■ DATA FOR ANALYSIS:
· · ·

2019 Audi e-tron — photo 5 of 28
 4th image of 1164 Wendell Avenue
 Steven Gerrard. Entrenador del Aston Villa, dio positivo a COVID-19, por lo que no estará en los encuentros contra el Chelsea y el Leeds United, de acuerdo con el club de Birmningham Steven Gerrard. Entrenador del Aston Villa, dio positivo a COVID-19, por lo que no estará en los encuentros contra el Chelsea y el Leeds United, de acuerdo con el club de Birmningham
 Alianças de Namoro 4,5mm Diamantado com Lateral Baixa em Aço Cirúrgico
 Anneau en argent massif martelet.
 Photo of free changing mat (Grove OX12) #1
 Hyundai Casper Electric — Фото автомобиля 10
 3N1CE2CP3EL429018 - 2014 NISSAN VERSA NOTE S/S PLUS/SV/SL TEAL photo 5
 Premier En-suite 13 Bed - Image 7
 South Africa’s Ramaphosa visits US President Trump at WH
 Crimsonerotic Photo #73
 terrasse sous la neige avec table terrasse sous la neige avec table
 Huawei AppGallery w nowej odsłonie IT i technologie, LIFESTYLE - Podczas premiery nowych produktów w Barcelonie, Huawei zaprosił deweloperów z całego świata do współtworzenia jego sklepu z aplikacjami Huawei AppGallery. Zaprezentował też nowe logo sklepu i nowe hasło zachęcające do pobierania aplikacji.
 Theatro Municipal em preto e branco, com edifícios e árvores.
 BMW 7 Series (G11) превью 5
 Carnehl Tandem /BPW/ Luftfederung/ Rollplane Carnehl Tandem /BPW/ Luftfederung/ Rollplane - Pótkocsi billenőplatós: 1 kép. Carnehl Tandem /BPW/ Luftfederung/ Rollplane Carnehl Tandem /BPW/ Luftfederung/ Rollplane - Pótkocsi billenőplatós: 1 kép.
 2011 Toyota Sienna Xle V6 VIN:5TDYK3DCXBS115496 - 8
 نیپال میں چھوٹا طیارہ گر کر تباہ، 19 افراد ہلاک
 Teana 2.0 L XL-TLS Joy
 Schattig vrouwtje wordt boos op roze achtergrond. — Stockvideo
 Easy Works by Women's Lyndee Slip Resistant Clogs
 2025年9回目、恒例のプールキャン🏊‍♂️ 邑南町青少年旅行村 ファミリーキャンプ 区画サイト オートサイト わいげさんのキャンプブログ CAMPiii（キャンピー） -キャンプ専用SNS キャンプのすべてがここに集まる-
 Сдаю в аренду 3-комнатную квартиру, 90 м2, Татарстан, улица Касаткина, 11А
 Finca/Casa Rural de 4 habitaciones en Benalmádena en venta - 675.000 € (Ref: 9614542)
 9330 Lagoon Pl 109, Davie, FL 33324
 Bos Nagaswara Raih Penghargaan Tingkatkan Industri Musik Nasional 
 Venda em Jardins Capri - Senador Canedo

· · ·

■ ACTIVITY: Within the listing above, locate the line containing "Schattig vrouwtje wordt" and the line containing "Сдаю в аренду". Reproduce those two lines and all lines between them exactly, with nothing added.

■ THE ANSWER:
 Schattig vrouwtje wordt boos op roze achtergrond. — Stockvideo
 Easy Works by Women's Lyndee Slip Resistant Clogs
 2025年9回目、恒例のプールキャン🏊‍♂️ 邑南町青少年旅行村 ファミリーキャンプ 区画サイト オートサイト わいげさんのキャンプブログ CAMPiii（キャンピー） -キャンプ専用SNS キャンプのすべてがここに集まる-
 Сдаю в аренду 3-комнатную квартиру, 90 м2, Татарстан, улица Касаткина, 11А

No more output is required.